> **PROMPT**
Extract, in full, the lines below, beginning at the first and ending with the line that contains "星空H5摄影背景素材高清素材 夜晚 摄影...". Pictures do not belong in the copy.

Start of RECORDS FOR THIS TASK

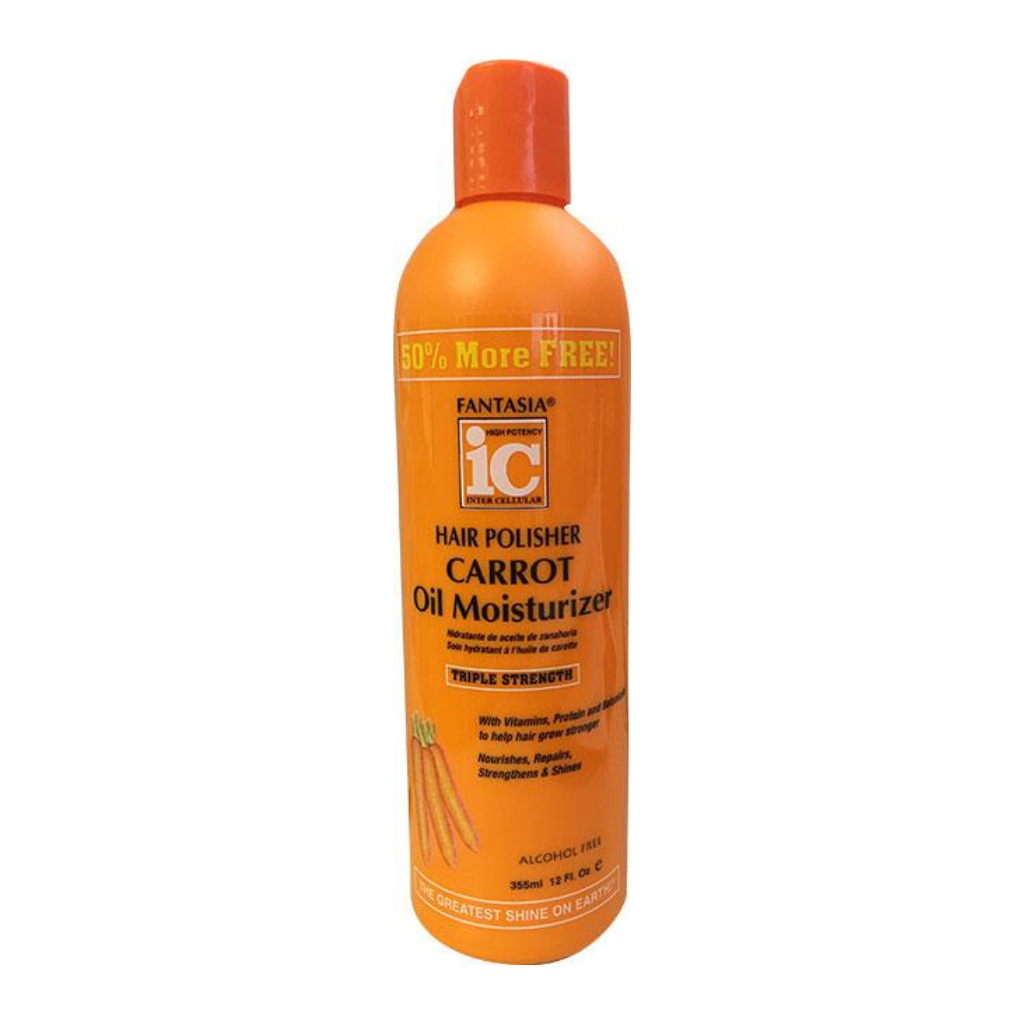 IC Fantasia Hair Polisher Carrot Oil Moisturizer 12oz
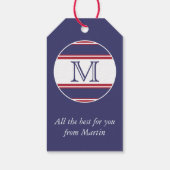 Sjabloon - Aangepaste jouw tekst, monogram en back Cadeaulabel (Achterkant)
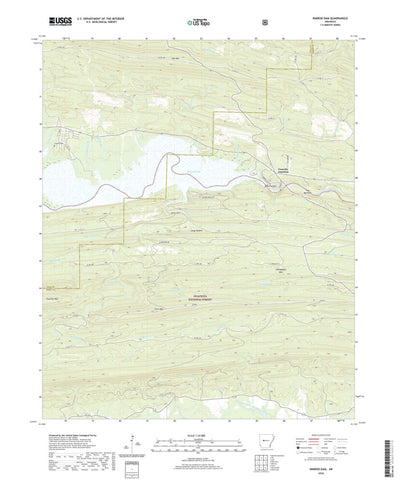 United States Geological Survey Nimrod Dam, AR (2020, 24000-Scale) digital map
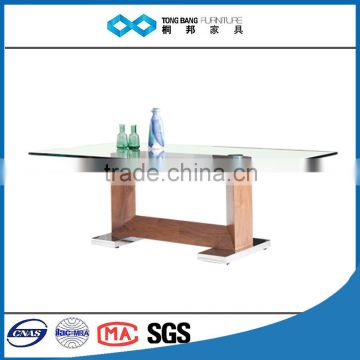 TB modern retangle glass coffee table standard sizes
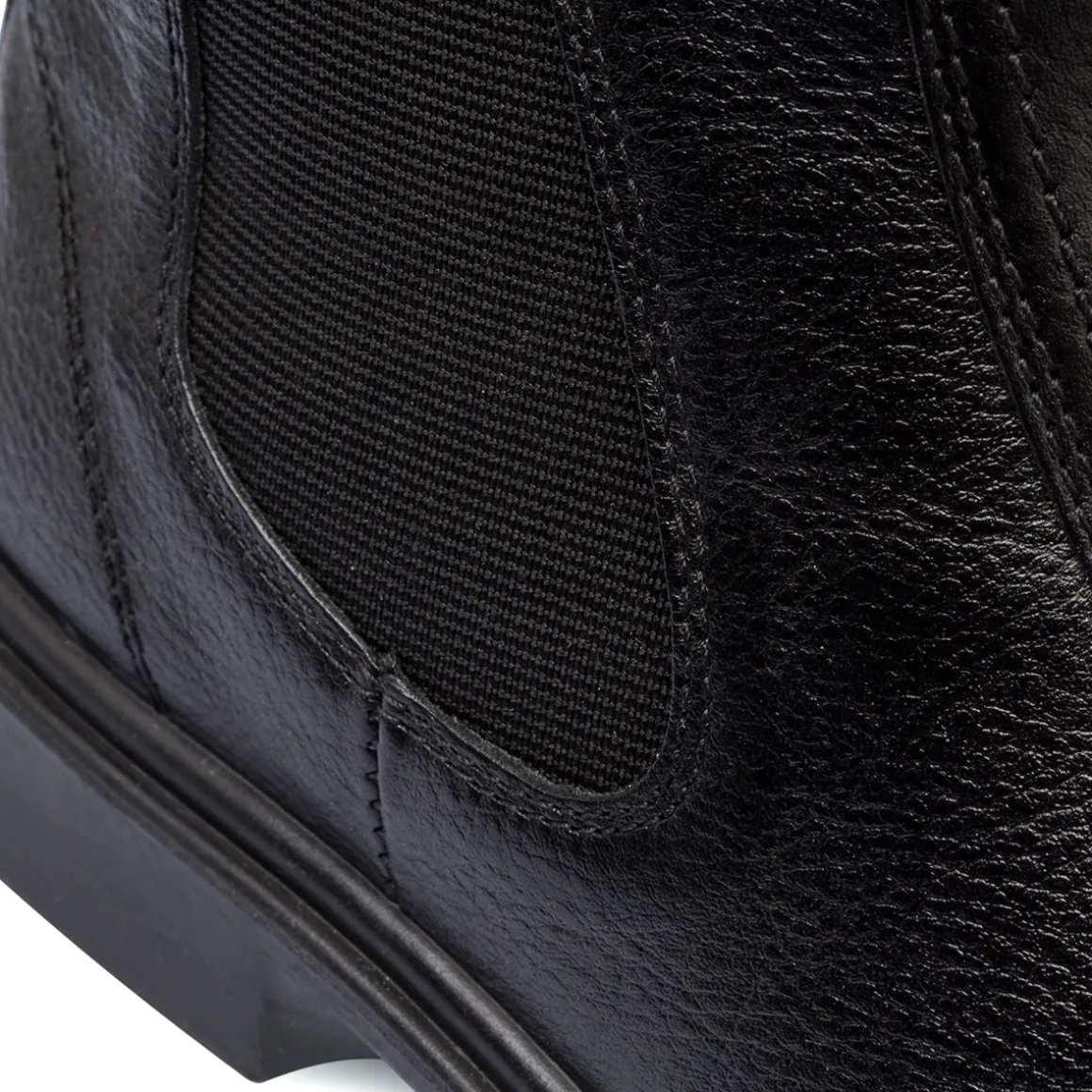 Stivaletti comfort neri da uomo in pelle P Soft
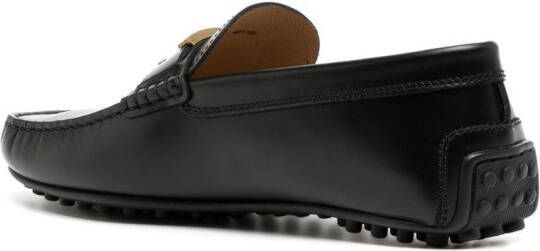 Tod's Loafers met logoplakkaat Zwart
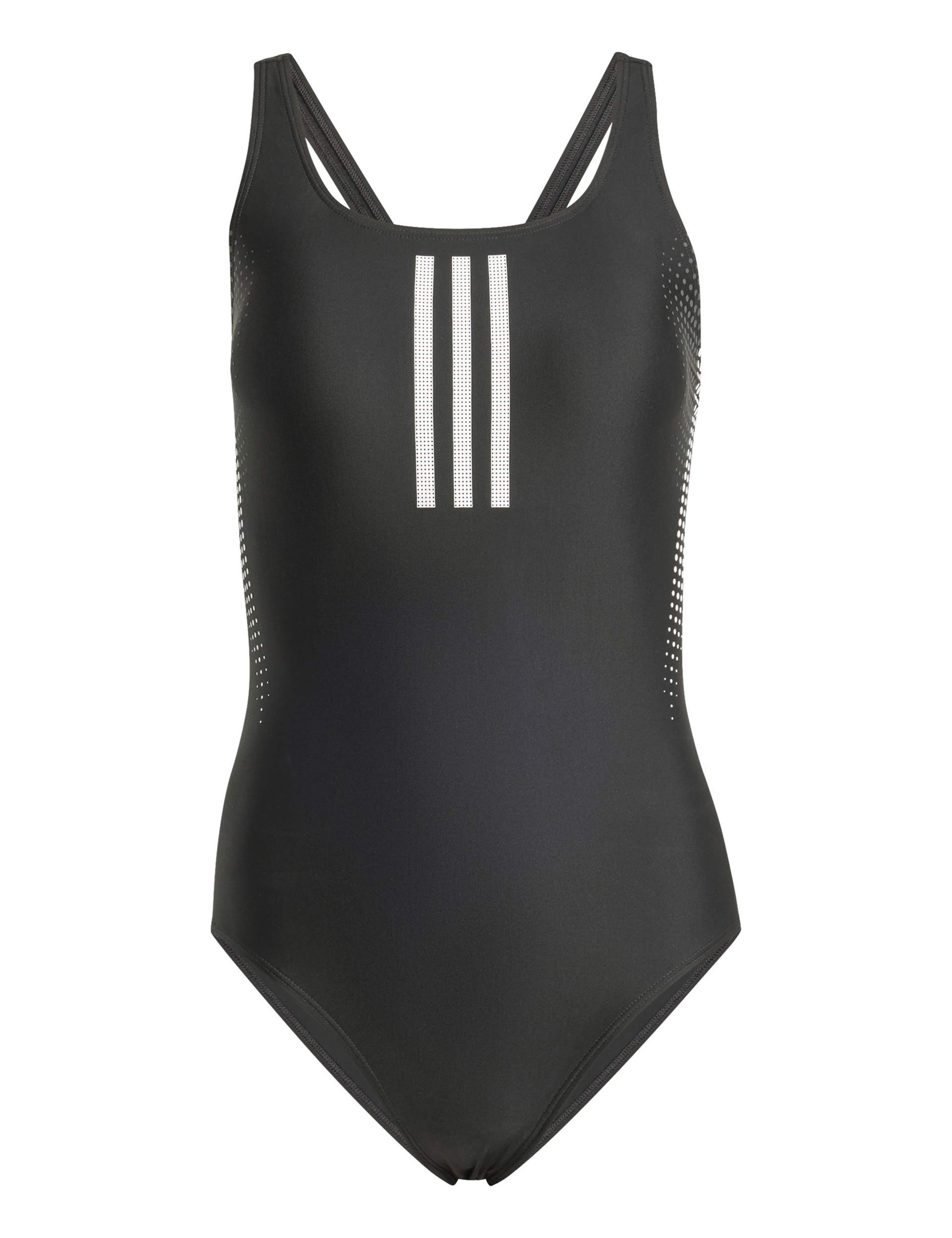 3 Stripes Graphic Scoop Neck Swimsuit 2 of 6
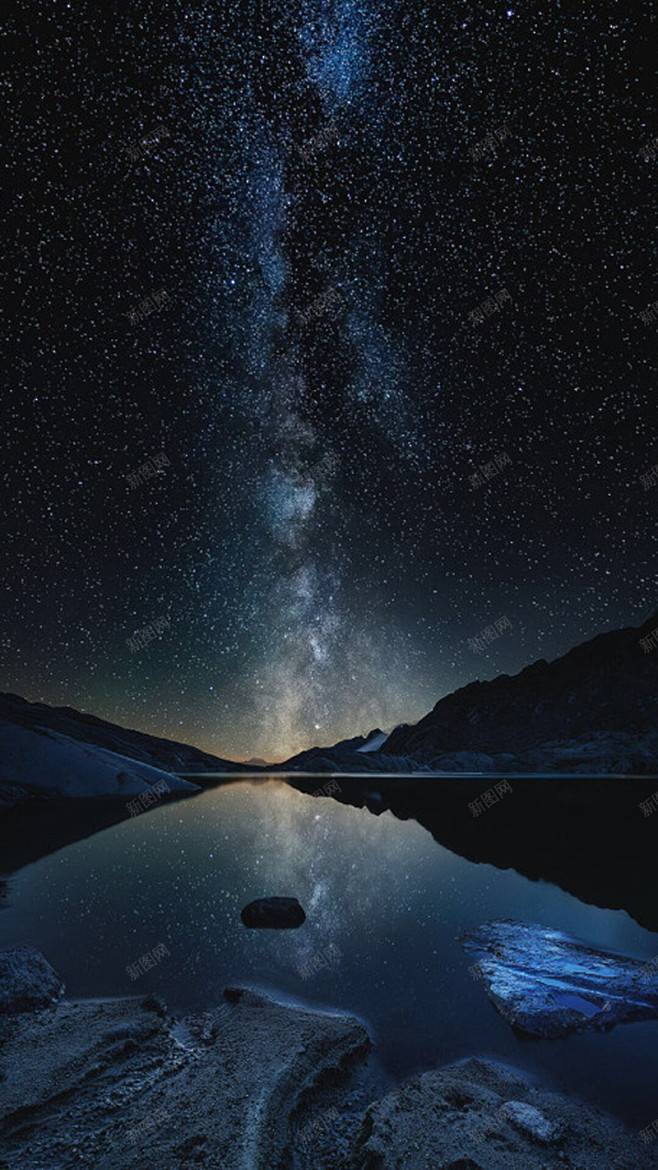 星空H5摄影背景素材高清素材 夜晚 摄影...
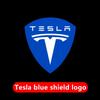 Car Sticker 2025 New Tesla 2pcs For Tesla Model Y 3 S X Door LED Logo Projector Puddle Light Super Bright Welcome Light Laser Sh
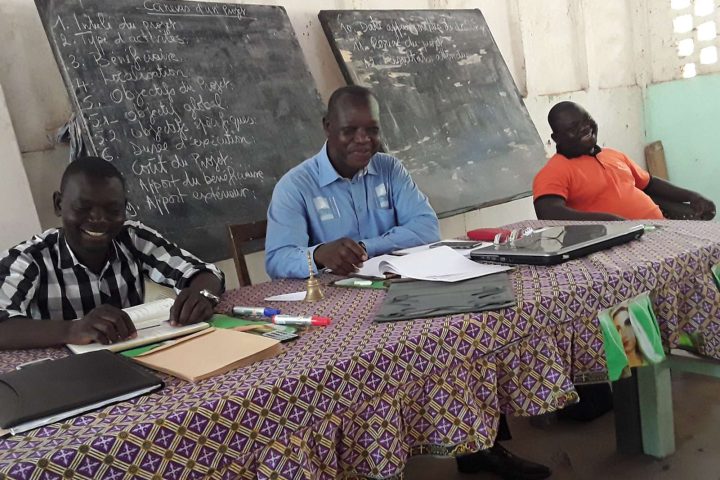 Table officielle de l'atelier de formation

End of RECORDS FOR THIS TASK

> **ANSWER TO THIS EXERCISE**
 IC Fantasia Hair Polisher Carrot Oil Moisturizer 12oz
 Sjabloon - Aangepaste jouw tekst, monogram en back Cadeaulabel (Achterkant)
 United States Geological Survey Nimrod Dam, AR (2020, 24000-Scale) digital map
 TB modern retangle glass coffee table standard sizes
 Stivaletti comfort neri da uomo in pelle P Soft
 Tod's Loafers met logoplakkaat Zwart
 3 Stripes Graphic Scoop Neck Swimsuit 2 of 6
 星空H5摄影背景素材高清素材 夜晚 摄影...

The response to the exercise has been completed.